We all felt the effects of the relationship between climate change and water when temperatures topped 40°C for the first time in the UK and exacerbated drought conditions across the country. Britain has a love-hate relationship with the weather, and this is understandable when you consider the fact that having a moan about the temperature is a national pastime. “It’s chucking it down today. That is probably the end of summer now… I am glad that I got the washing in.” To make matter’s even more confusing, we are quick to complain about the heat when temperatures start to rise. Beyond the whinging, frolicking sunbathers, it is important to remember that the heatwaves we saw this year were not quite normal. Rainfall over the winter will not be enough to prevent drought conditions in some areas next year, and reservoir stocks continue to fall at all the sites the Environment Agency reports on (GOV.UK 2022).
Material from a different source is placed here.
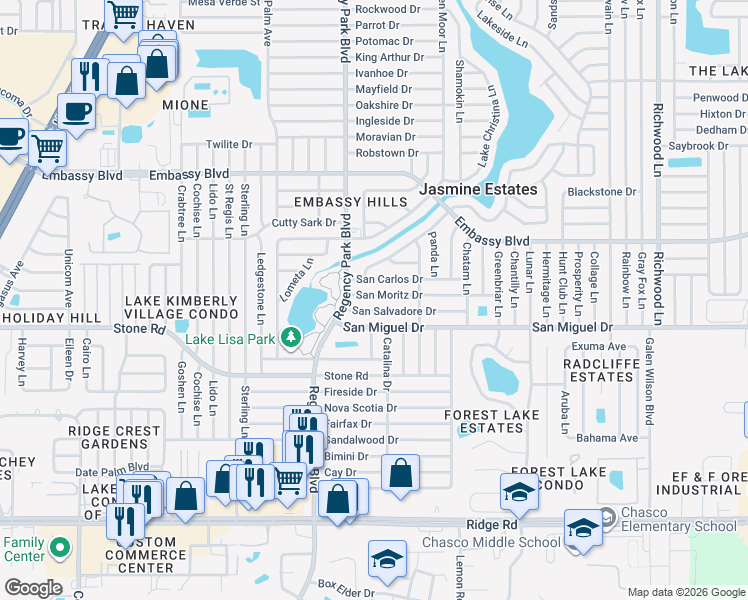 map of restaurants, bars, coffee shops, grocery stores, and more near 7221 San Salvadore Drive in Port Richey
Water cycle changes are emerging worldwide. Last year rain fell instead of snow on Greenland’s highest peak for the first time since records began (GEUS 2022). This year, the most severe flooding in Pakistan’s recent history have occurred, leaving 10 million children in need of lifesaving support (UNICEF 2022). All of this while millions in the horn of Africa are facing acute hunger as the region faces one of the worst droughts in recent decades (WHO 2022). Ninety percent of all natural disasters are water-related (Water Aid 2022). If we want to press the breaks on the road to the ‘climate hell’ that UN Secretary-General Guterres warned us about, we will need to stop sweeping water under the rug when it comes to the global climate agenda. Cue the first ever official water day at COP.
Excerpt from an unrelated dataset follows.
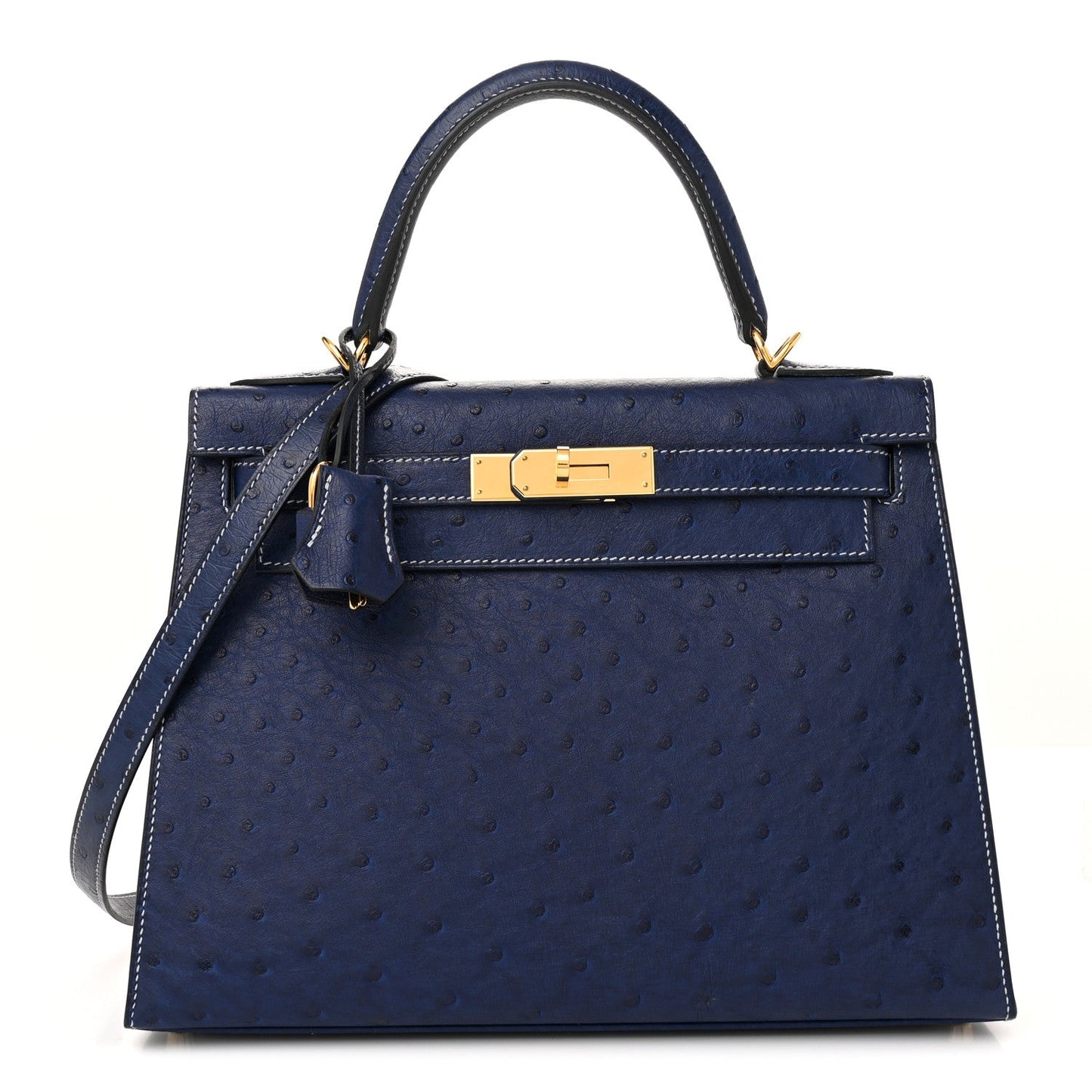 Hermes Ostrich Horseshoe Kelly Sellier Bleu Iris Handbag Shoes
This year, COP27 has launched the Action on Water Adaptation and Resilience Initiative (AWARe). It aims to provide adaptation solutions for the people and the planet and will begin with the world’s most vulnerable areas and communities. Their main deliverables focus on reversing the loss of water from land surface, reducing the damage caused by floods and droughts by 50% by 2030 and to increase regional cooperation. On a similar agenda, the African Cities Water Adaptation fund (ACWA) has a crucial aim of obtaining $5billion in funding to implement projects in 100 African cities by 2032, by working with investment partners. With the majority of African cities at risk from water related climate issues, ACWA will help local leaders within these cities to improve knowledge of climate water risks and their associated socioeconomic impacts.

Despite being the first official Water Day, there was not much more on the water agenda for today. It seems to be the obvious point of discussion around climate change that did not quite make the centre stage at COP. And while we heard a great deal about the finance mechanisms being developed to fund water resilience solutions (ACWA) and the launch of a new initiative (AWARe), the voice of countries that withstand the worst of extreme weather has been notably absent. We were hoping to hear more about the problems fuelling this need for adaptation and resilience funding. More importantly, we wanted to hear what these countries thought the most effective solutions for the water scarcity, floods, and droughts they are facing are. More events focussing on this aspect of the climate induced water crisis could not have gone amiss. In the words of Rogier van den Berg, the Acting Global Director for WRI Ross Centre for Sustainable Cities, “Water is homeless, and it deserves a home”.